§ Brief descriptive captions

-=-=-=-=-

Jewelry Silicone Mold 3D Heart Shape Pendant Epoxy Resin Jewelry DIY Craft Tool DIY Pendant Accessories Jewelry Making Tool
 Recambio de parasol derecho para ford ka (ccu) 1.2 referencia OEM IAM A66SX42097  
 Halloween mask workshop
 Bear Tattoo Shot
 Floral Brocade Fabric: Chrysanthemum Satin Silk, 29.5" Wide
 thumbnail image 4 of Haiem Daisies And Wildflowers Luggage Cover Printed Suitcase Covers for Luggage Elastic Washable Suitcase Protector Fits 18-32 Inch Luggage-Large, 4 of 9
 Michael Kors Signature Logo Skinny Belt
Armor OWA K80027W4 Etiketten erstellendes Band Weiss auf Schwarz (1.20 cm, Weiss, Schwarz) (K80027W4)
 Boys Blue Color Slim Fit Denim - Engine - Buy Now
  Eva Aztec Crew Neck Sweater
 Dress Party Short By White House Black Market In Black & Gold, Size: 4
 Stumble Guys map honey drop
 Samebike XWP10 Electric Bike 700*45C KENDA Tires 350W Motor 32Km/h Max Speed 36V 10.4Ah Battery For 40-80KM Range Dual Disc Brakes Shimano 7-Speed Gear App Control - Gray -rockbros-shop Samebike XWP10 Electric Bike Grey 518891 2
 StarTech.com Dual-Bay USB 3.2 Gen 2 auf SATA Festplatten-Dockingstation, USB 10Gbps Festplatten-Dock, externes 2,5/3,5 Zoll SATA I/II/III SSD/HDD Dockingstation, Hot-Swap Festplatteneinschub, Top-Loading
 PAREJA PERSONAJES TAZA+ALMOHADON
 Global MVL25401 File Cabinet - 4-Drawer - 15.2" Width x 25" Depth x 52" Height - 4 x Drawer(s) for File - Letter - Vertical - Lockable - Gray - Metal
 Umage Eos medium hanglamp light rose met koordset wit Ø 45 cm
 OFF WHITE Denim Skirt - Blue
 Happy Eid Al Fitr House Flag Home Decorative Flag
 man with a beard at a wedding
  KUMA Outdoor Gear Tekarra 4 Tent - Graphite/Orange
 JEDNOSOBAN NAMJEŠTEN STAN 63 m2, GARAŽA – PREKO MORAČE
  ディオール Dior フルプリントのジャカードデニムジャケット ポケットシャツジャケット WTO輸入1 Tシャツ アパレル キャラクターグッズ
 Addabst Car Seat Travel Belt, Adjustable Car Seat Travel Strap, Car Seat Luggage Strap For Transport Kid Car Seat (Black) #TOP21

-=-=-=-=-

§ ABOUT THIS EXERCISE
Where the string "Blue" occurs in the data, return the whole line.

§ YOUR SOLUTION
 Boys Blue Color Slim Fit Denim - Engine - Buy Now
 OFF WHITE Denim Skirt - Blue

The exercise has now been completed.